Mongolia: Driving Under The Influence Of Gobi Dust
By Michael Roberts
Just before 6 AM we hear the only sounds of the night: two birds flying by, the heavy flap-flap of their wings informing us of the coming sun. I lie awake in my sleeping bag and am comforted that the cold night is over. I lift my head and glance to the left and see my friends’ two-person tent and a Mitsubishi van. Enkhe whispers to me in Mongolian.
He comes over and sits down next to me barefoot in a tank top and jeans, and we watch the red sun peak over the horizon, igniting the Gobi desert. We sit in silence as sand, shrubs, camels off in the distance, and another long day of driving appear before our eyes. Last night was clear and beautiful, and Enkhe, Jesse, Alexis, and I fell asleep as we watched for shooting stars. I wonder when I will see such a night again.
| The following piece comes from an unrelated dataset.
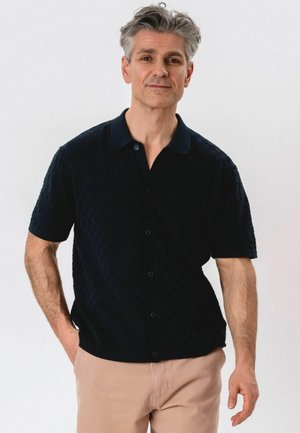 Stredoveký muž so sivými vlasmi, oblečený v čiernu krátkym rukávom zapínanú košeľu a béžové nohavice, stojaci s jednou rukou v vrecku.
After a few minutes, the sun is a big shiny egg yoke above the horizon. Enkhe goes off on a walk, and I slip out of my bag, dress, brush my teeth, and go looking for my morin khuur, a two-stringed folk instrument that I have spent the past year learning how to play. I find it in the back of the car on top of a spare tire; the black carrying case is covered in a thick serving of Gobi dust.
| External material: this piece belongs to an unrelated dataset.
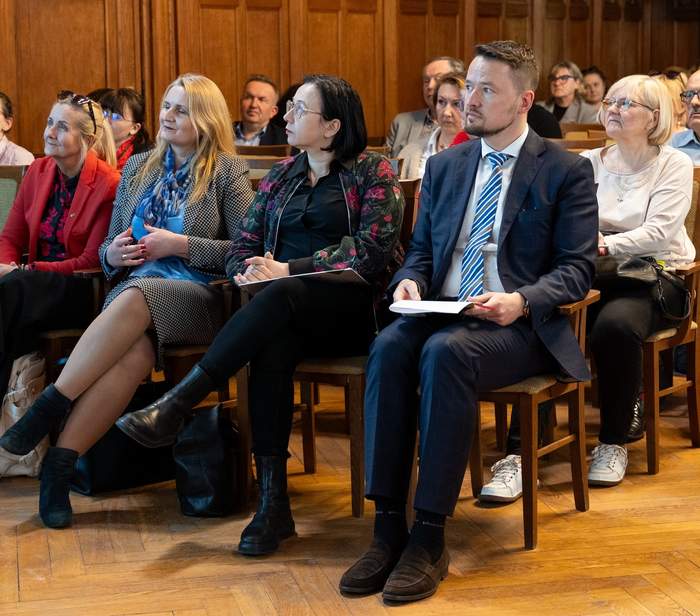 Pokaż zdjęcie: Osoby siedzące na krzesłach ustawionych w rzędzie w sali stylizowanej na dawną, z drewnianymi wykończeniami i zdobieniami.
I play a tune that I was working on when I left Ulaan Baatar, the capital of Mongolia; and the tent shows signs of life. Enkhe soon returns, and we pack up our belongings in the white Mitsubishi and hit the road. It is only 7:30 AM, and the sun already feels hot on this cloudless September day.
I ask Enkhe, our driver, mechanic, guide and spiritual leader, if he knows where we are.
“I think we’re getting close to Ulaan Badrakh, but I really don’t know," he says. "Look at the map.”
I look at the map and find Ulaan Badrakh, the closest stop for gasoline, and realize that Enkhe is right. Sort of. The road we are driving on appears to not exist. But we are driving east, towards the sunrise; and while we both think we are OK for the time being, Enkhe wants to stop at the next ger (a traditional felt tent) and ask for directions.
These ger stops have become commonplace since we left Ulaan Baatar six days ago and immediately got lost. Finally, all this pointing at the map and speaking in Mongolian has gotten the attention of the back seat.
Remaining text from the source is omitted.